▸ GOAL OF THE EXERCISE:
Among the entries below, only the lines from the one with "2013-bobcat-s750-image-16" through the one with "ein Wohnzimmer mit" are wanted, reproduced exactly. Pictures are not wanted.

▸ SUPPLIED DATA:
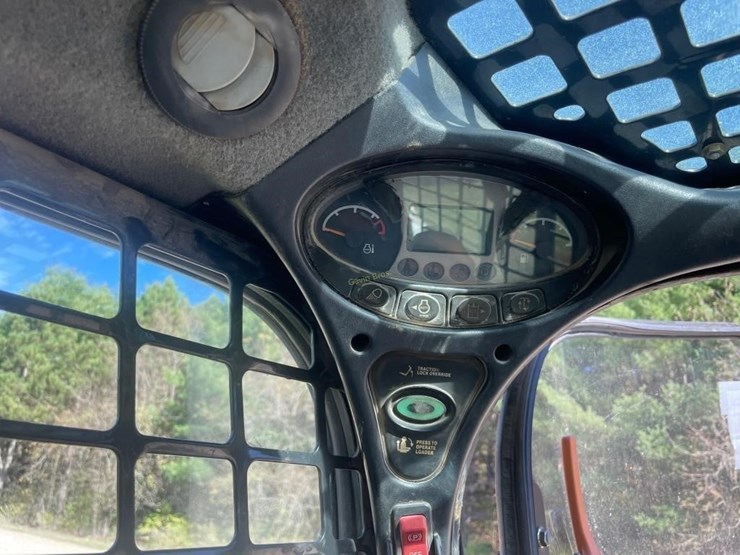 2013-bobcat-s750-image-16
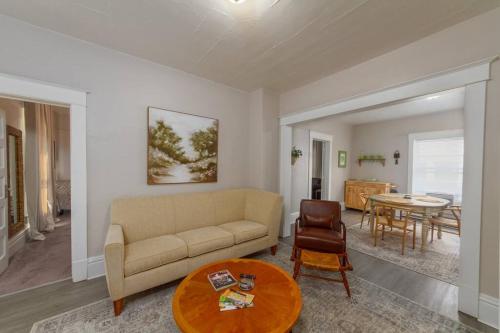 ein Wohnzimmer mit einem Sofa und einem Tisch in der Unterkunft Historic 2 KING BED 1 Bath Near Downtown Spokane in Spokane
==
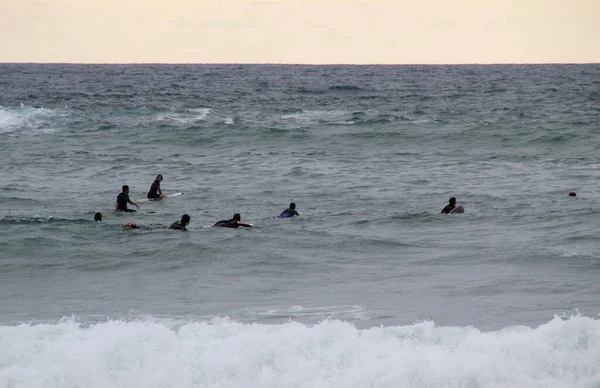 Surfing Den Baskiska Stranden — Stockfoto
* * *
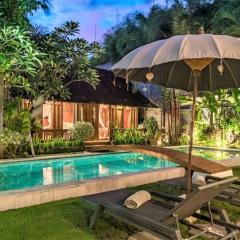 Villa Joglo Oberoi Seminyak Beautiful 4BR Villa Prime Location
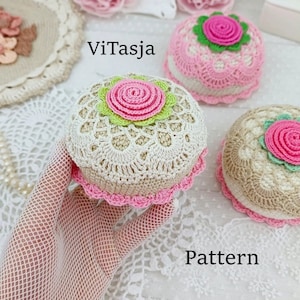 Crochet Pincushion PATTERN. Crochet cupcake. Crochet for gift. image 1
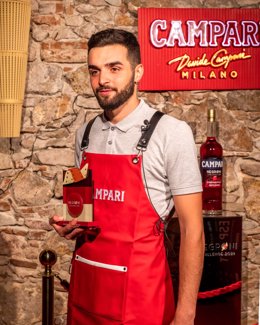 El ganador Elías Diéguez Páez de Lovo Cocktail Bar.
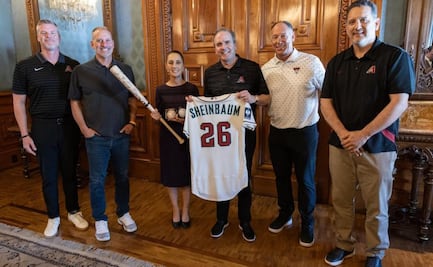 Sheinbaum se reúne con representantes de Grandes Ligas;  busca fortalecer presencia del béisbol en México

▸ SOLUTION TO THIS EXERCISE:
 2013-bobcat-s750-image-16
 ein Wohnzimmer mit einem Sofa und einem Tisch in der Unterkunft Historic 2 KING BED 1 Bath Near Downtown Spokane in Spokane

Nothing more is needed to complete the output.